A tweed blazer, blue-wool beret and matching slip-ons, may not be the classic outfit you would reach for on a blazing California desert morning. At 90-years old and impeccably dressed, Miljenko “Mike” Grgich of Grgich Hills Estate answered the door at his home in the sunny Coachella Valley. There was no rain in the forecast for weeks, possibly months, but the man who helped to put Napa Valley wines on the global stage still wears his signature beret.

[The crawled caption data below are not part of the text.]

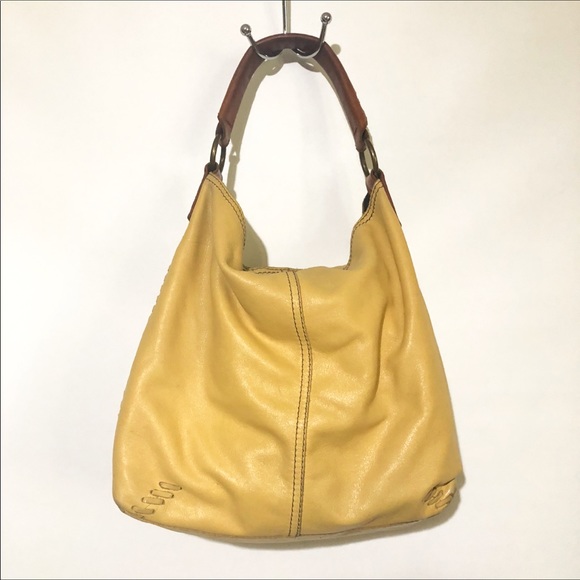 mustard yellow leather purse
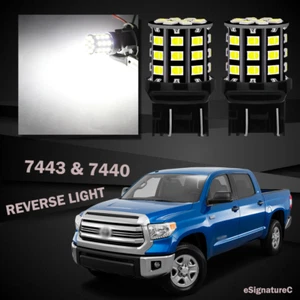 2 x Backup Reverse Light 7443 7440 33SMD LED For 2014 - 2019 Toyota Tundra White - Picture 1 of 5
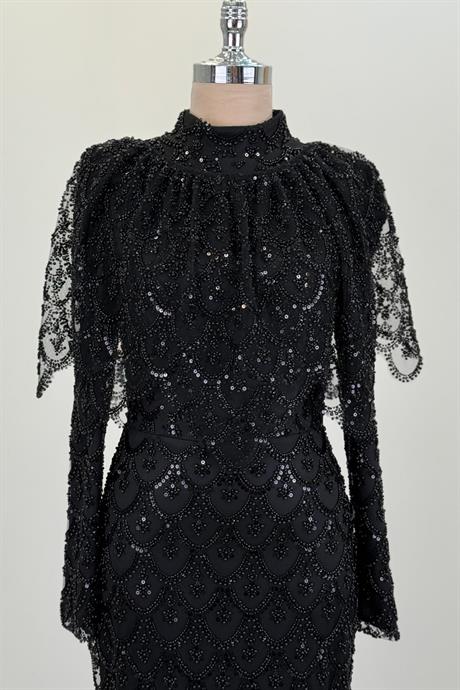 Elenor Tesettür Abiye Siyah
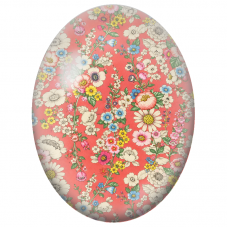 Cabochon en Verre Illustré Fleurs Champêtres sur Fond Corail 13x18, 18x25 ou 30x40mm - Pour la Création de Bijoux Fantaisie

As a young student at the University of Zagreb, Mike Grgich describes this period of time as austere, alone with no family close-by and no money. Student housing at its worst, he lived in a room that was barely 20sqft, the size of one horrible mattress one with a hole that had been stuffed with tin foil. This is his “home” during his 4-years as a student of viticulture. It rains a lot in Zagreb. Grgich managed to misplace his umbrella shortly after his arrival, and he reasoned that not only was a beret less expensive, at least his head would be dry if not his shoulders. It has been his “signature” ever since.
Mr. Grgich followed a dream despite a cloudy pathway, one that eventually led to Napa Valley in 1958. You can read more about his back-story here. He arrived in the wine region of California half a world away from his natal land of Croatia; he was poor, homesick and yet determined to make wine in California.

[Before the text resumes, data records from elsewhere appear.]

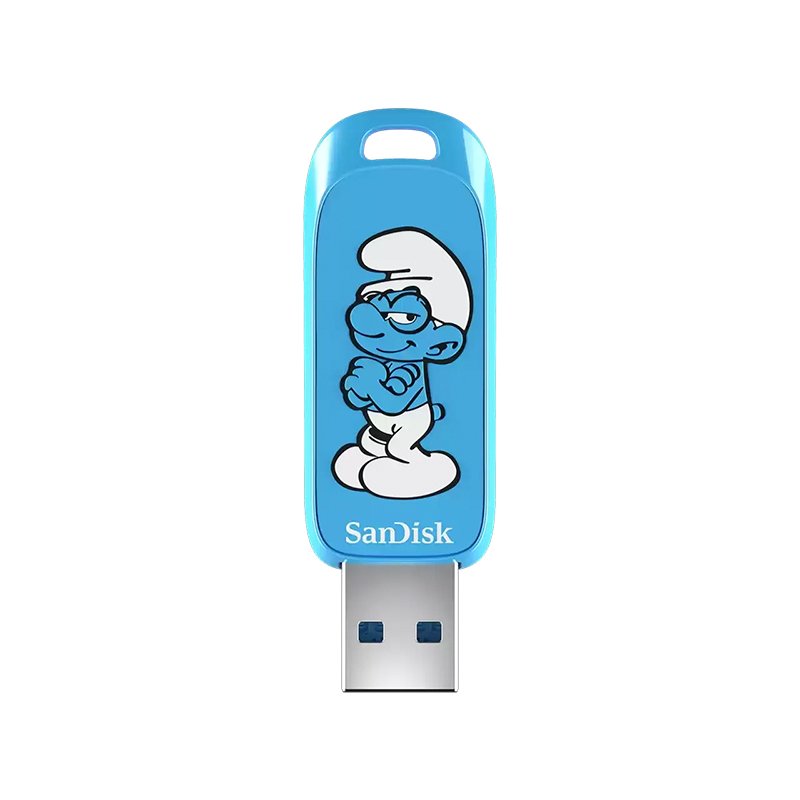 Unidad Flash Sandisk USB SMURFS, 64GB, USB 3.2 GEN 1,USB-A, Hasta 130 MB/S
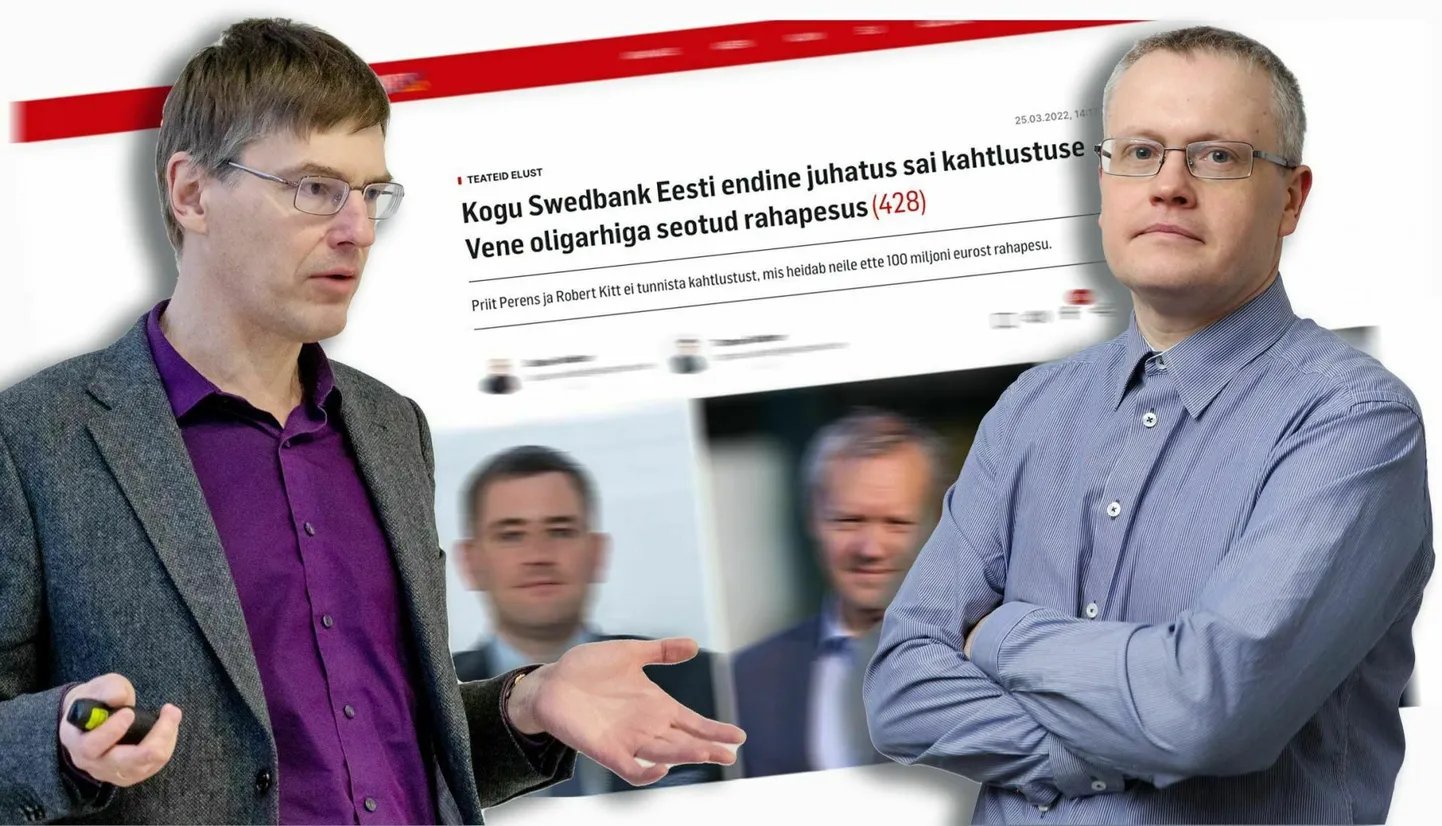 Tarmo Vahter ja Sulev Vedler ning nende artikkel Swedbanki rahapesu teemal. Taamal Robert Kitt ja Priit Perens.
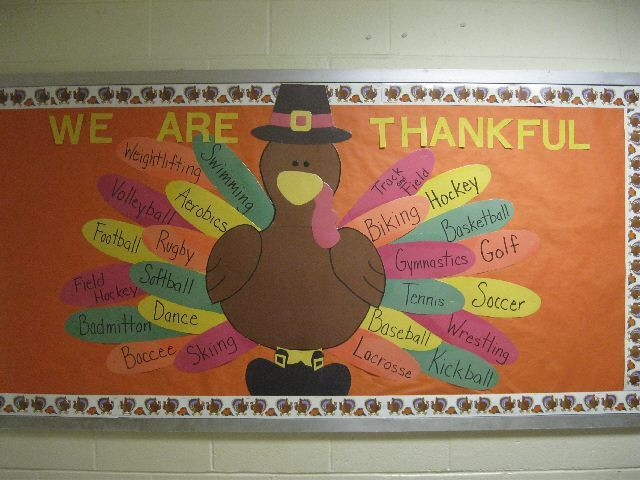 Thanksgiving Bulletin Board Ideas For Preschool
 Could have blank feathers to start & then have kids help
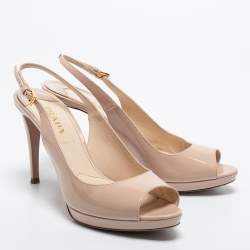 Pre Owned Prada Beige Patent Leather Slingback Platform Pumps Size 40.5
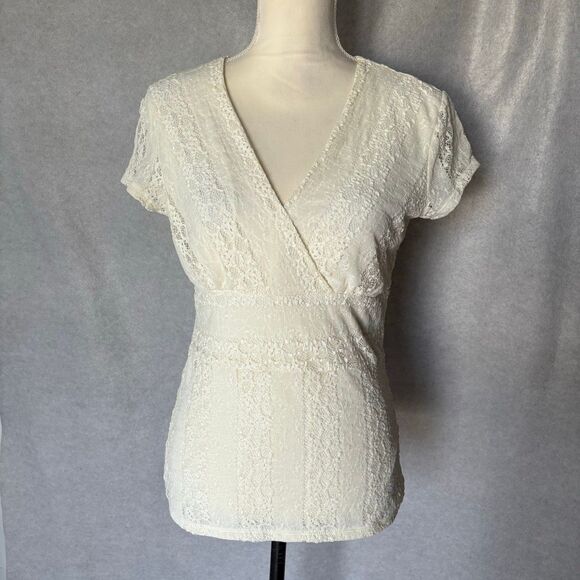 Vintage Ivory White V-neck Short-sleeve Lace Top Stretch Fitted Y2K Rafaella - Picture 1 of 7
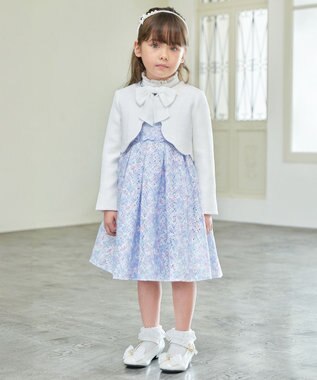 ANY KIDS 裾スカラップノーカラージャケット ホワイト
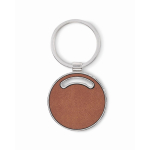 Round metal keyring with synthetic leather inlay brown colour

He remembers the exact day, August 1, 1958, when he looked at the Zinfandel grapevines and felt at home. This grape with such a mysterious name was so familiar; the clusters of berries turning deep red while some of the fruit remained stubbornly green, with leaves of mixed colours. Distinct from other grape varieties, Zinfandel fruit matures in a schizophrenic fashion. Mike Grgich was convinced that this complex plant was related to the Plavac Mali in Croatia.
It took many years and finally DNA testing by Professor Carole Meredith American grape geneticist of University of California, Davis to confirm the biological connection. She visited Croatia to study the local grapes and concluded that the familial roots of Zinfandel grapes are clearly established in the soil of a country that has been at the crossroads of European civilization.
Where the Greeks, Turks and Austro-Hungarians, brought grapes to Croatia it was the vines from France, Italy and Germany that populated California’s wine valleys. No one was sure about mysterious Zinfandel, introduced to the state during the Gold Rush some time after 1852 and which today occupies 47,000 acres in the state. Mike Grgich was, and finally in 2001 Professor Meredith made the positive match.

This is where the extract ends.